The most dedicated and respected Cyber warrior in Kosovo today is a 33 year-old Serbian Orthodox Monk, Father Sava Janjic. As the monks in medieval monasteries once pioneered the use of the printing press, the Monastery in Decani, built 663 years ago, sends out a steady stream of E-mail to promote peace and conciliation in Kosovo. The old church contains the bones of Knights who fought in the famous battle of Kosovo in 1389, but today it is the home of a new breed of warrior, the Serbian Cyber-monk.  Within a few hundred yards of this ancient monastery is a wasteland of burned homes and looted shops. Decani has seen a lot of fighting since the 14th century, but none more devastating than in the summer of 1998 as Serb and Albanian military groups fought it out and the mostly Albanian civilians ran for their lives.

At the high point of combat around Decani last May, as his brothers raised the volume of chanting to overcome the sound of automatic weapons fire outside, Father Sava started bombarding the internet with e-mails to journalists, politicians and diplomats calling for peace between Serbs and Albanians.

"Slobodan Milosovic is playing a wicked game with the emotions of Serbs in Kosovo," says Father Sava. "In 21st Century Europe there is no place for ethnically cleansed territories, terror or crimes. The Holy Scripture teaches us that one cannot love God without first loving one's neighbor." He predicts that unless a peaceful compromise can be reached soon, the small minority of Serbs in Kosovo will pay the price for Belgrade's behavior.

Father Sava is a thoroughly modern monk. Rising at around 1:00 A.M. to take advantage of the best internet connections, he prays and then surfs the Internet. He will mark stories from a wide variety of sources and then fire them off to be shared with his list of more than 300 reporters, diplomats and friends; this scribe included.

The monastery at Decani, on the Bistrica river, near the Albanian border, is the largest in Kosovo, home to 23 monks and an island of spirituality in the sea of war and hate.
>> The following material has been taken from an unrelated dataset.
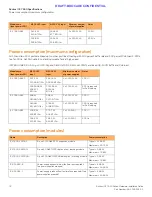 Предварительный просмотр 82 страницы Ruckus Wireless ICX 7650 Hardware Installation Manual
The Decani Monastery has been nominated for UNESCO's world heritage list. Six hundred years ago dozens of renowned painters were commissioned to create thousands of images on the walls of the monastery's church. Many of the most beautiful illustrate the life of Christ before his crucifixion.

One of the paintings even depicts Christ in a spacecraft, an image that drew the attention of Erich Von Deniken, the researcher of lost civilizations. "It's nice to live in a medieval setting as we monks do, but that does not mean we are prepared to accept a medieval mentality. The Internet enables me to speak from the pulpit of my keyboard," says Father Sava. "I'm on a war footing, this is not a normal routine. I usually get 50 e-mails a day, but during the threat of NATO air strikes, there were about 200 a day. People were concerned about us." Father Sava's website is http://www.decani.yunet.com.

Slobodan Milosevic may have kept many war correspondents and the tv cameras away from seeing the Kosovo conflict at first hand, but he hasn't stopped the flow of news, images of war crimes or the exchange of ideas between the warring factions from multiplying themselves on the World Wide Web.  Kosovo may be the first major conflict being fought out on the Internet. It has quickened the pace of war coverage and put an avalanche of facts, opinions, propaganda and lies in the laptop of the war correspondent. There may be a greater flow of information direct to the public, but the Internet has not replaced  intrepid correspondents like The Washington Post's R. Jeffrey Smith, The New York Times' Mike O'Conner, AP's George Jahn or Reuters Kurt Schork to name only a few regularly covering Kosovo.

Although greatly aided by the Internet, these correspondents must still decide what's relevant and what is not. For the best war correspondents, the Internet has not replaced the often deadly necessity of commuting to the Kosovo killing fields through the checkpoints and mined roads to check out a story they first saw on the Internet.